We are aware of the fact that retained bony fragments cause secondary infertility by acting such as uterine synechiae or an intrauterine contraceptive device. Apart from mechanical cause, the poor fertility outcome is also attributed to an increase in the local production of prostaglandins that prevent blastocyst implantation. Fetal bone fragments are easily diagnosed with focal echogenic lesions at the USG evaluation of the women presenting with secondary infertility. Most patients benefit with hysteroscopic removal of the fragments which should be done under USG control to ensure that all bone fragments are completely resected. Despite several studies which have documented good PRs after removal of all bony fragments. Shalini Gainder et al. concluded that despite complete removal of the bony fragments, the PRs may still be lower due to the inflammatory damage to the endometrium.

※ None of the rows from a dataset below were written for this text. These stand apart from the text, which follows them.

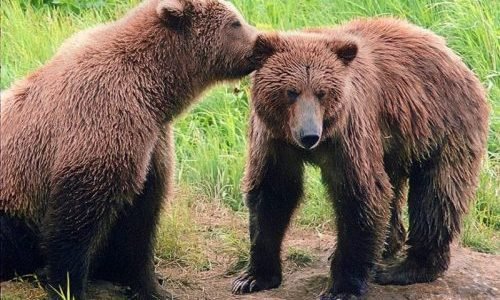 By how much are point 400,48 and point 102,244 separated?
6.96 feet

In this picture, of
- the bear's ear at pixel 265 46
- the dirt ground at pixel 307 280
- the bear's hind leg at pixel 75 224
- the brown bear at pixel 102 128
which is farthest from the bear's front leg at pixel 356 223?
the bear's hind leg at pixel 75 224

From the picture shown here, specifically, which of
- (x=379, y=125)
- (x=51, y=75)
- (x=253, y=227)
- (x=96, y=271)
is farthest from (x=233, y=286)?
(x=51, y=75)

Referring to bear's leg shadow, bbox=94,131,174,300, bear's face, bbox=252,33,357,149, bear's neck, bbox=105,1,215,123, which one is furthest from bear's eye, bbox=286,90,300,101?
bear's leg shadow, bbox=94,131,174,300

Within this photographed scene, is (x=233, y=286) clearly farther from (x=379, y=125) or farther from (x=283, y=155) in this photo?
(x=379, y=125)

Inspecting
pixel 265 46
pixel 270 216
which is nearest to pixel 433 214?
pixel 270 216

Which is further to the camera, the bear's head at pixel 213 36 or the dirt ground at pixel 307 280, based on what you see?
the dirt ground at pixel 307 280

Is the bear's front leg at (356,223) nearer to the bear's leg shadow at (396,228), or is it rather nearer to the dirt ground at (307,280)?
the dirt ground at (307,280)

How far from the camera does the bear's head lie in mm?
5570

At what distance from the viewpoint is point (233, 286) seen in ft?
20.7

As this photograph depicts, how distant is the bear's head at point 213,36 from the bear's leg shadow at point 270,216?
0.69 metres

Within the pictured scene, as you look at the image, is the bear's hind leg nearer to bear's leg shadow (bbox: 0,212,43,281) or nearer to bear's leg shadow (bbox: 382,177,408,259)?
bear's leg shadow (bbox: 0,212,43,281)

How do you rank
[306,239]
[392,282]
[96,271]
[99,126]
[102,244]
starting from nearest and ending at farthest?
[99,126]
[102,244]
[96,271]
[392,282]
[306,239]

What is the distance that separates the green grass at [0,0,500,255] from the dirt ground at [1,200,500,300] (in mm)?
305

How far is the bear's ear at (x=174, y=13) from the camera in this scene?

Both endometriosis and periodontal disease are chronic, inflammatory processes and are more common in patients with systemic autoimmune disorders which alter immune modulators. A study by Vidya Thomas et al. have suggested a possible association between endometriosis and periodontal disease and postulated a generalized immune dysregulation as the potential underlying link between the two disorders. We have another original article on “steroidogenesis and vascular endothelial growth factor production does not alter in leydig cells within the homeostatic range of testicular temperature” and two case reports, one on “different endometrial receptivity in each hemiuterus of a woman with uterus didelphys and previous failed ETs” and the other one on “persistent mullerian duct syndrome with testicular seminoma in transverse testicular ectopia.”